Work request =>
Look below for the line that contains "Luxury Copper Heart", then copy it and each following line to the end of the records, minus any pictures.

Input for this task =>

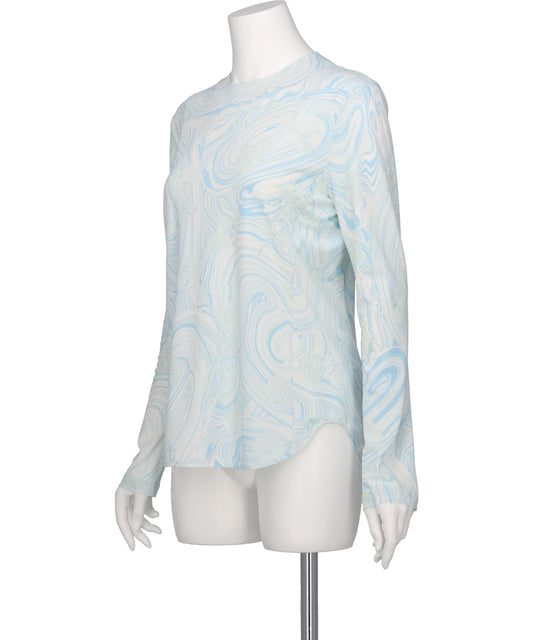 MARBLE PRINT JERSEY LONG SLEEVE TOP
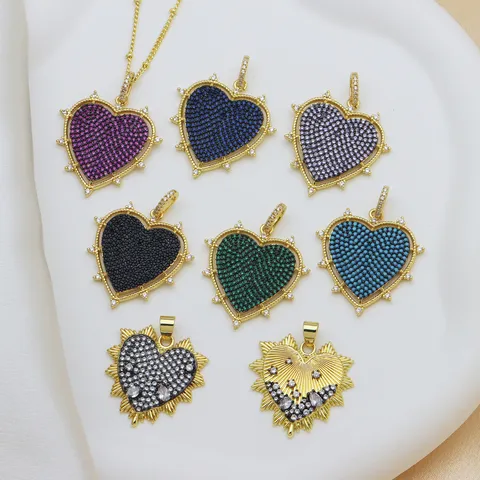 Luxury Copper Heart Pendant Charm Micro Pave Rhinestone Gold Plated Open Hoop Connector Fashion Jewelry Accessories For Necklaces DIY Making Women
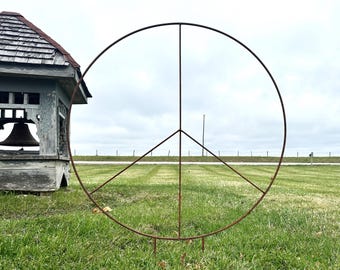 Huge 37&quot; Wrought Iron Yard Peace Stake - Rustic Sign Decoration - Hippie Decorative Symbol - Outdoor Front Lawn Art Statue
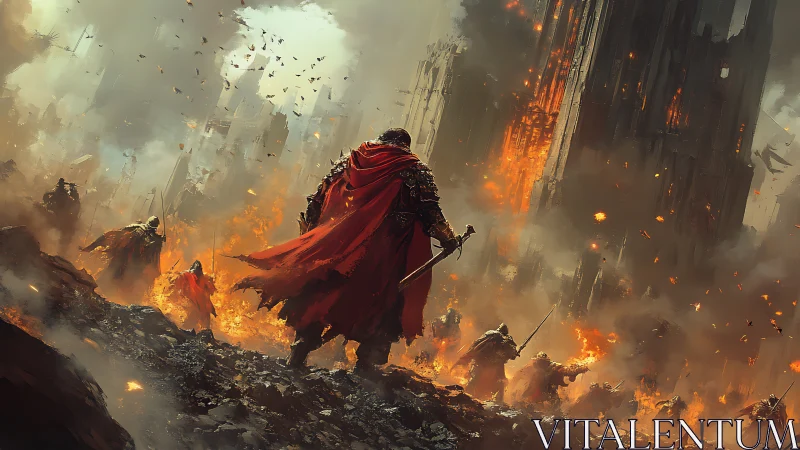 Crimson warlord strides through a burning citadel of ruin.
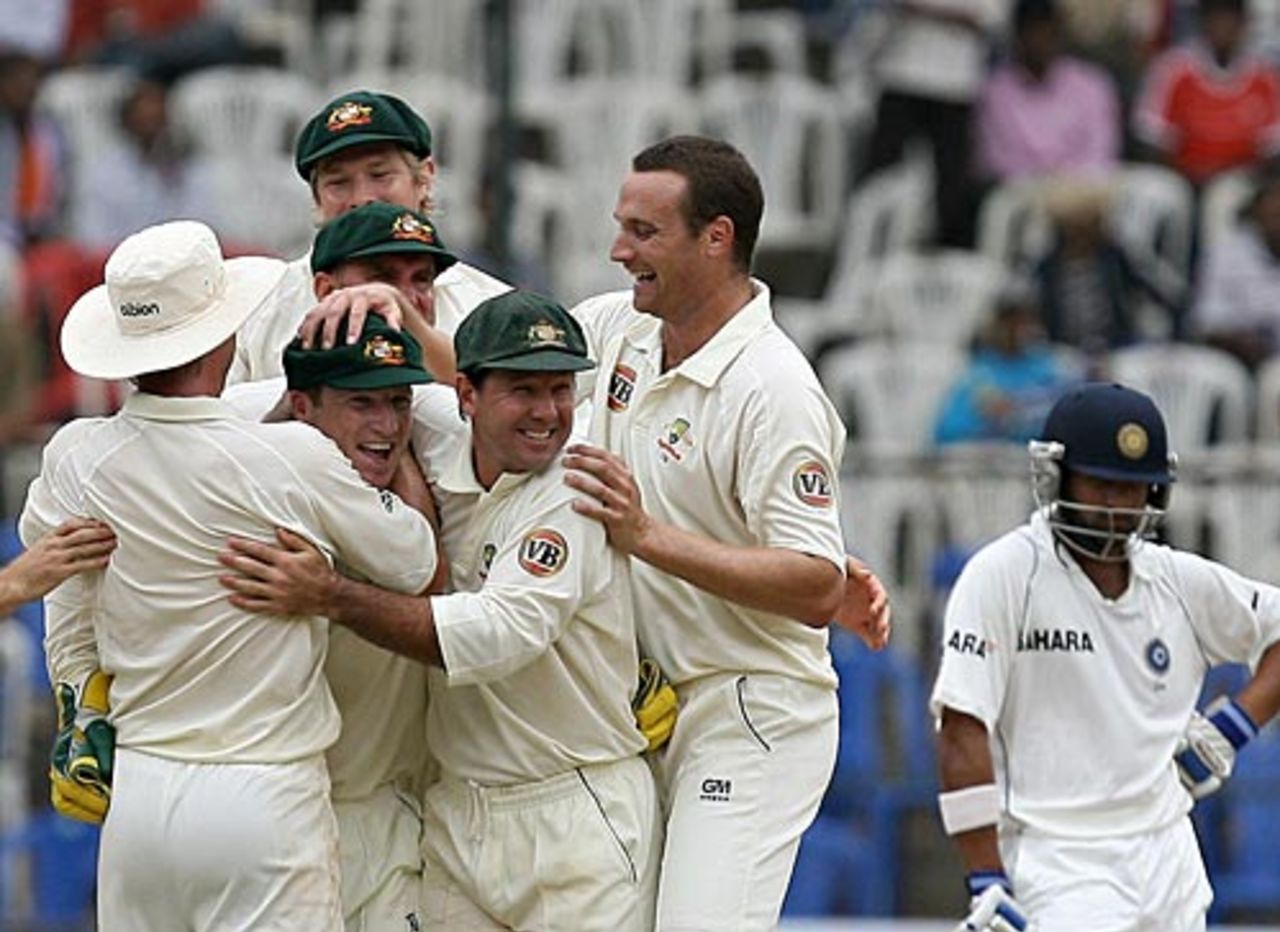 Team-mates are confident that Brad Haddin has caught Gautam Gambhir out of his crease, India v Australia, 1st Test, Bangalore, 5th day, October 13, 2008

Answer to this problem =>
 Luxury Copper Heart Pendant Charm Micro Pave Rhinestone Gold Plated Open Hoop Connector Fashion Jewelry Accessories For Necklaces DIY Making Women
 Huge 37&quot; Wrought Iron Yard Peace Stake - Rustic Sign Decoration - Hippie Decorative Symbol - Outdoor Front Lawn Art Statue
 Crimson warlord strides through a burning citadel of ruin.
 Team-mates are confident that Brad Haddin has caught Gautam Gambhir out of his crease, India v Australia, 1st Test, Bangalore, 5th day, October 13, 2008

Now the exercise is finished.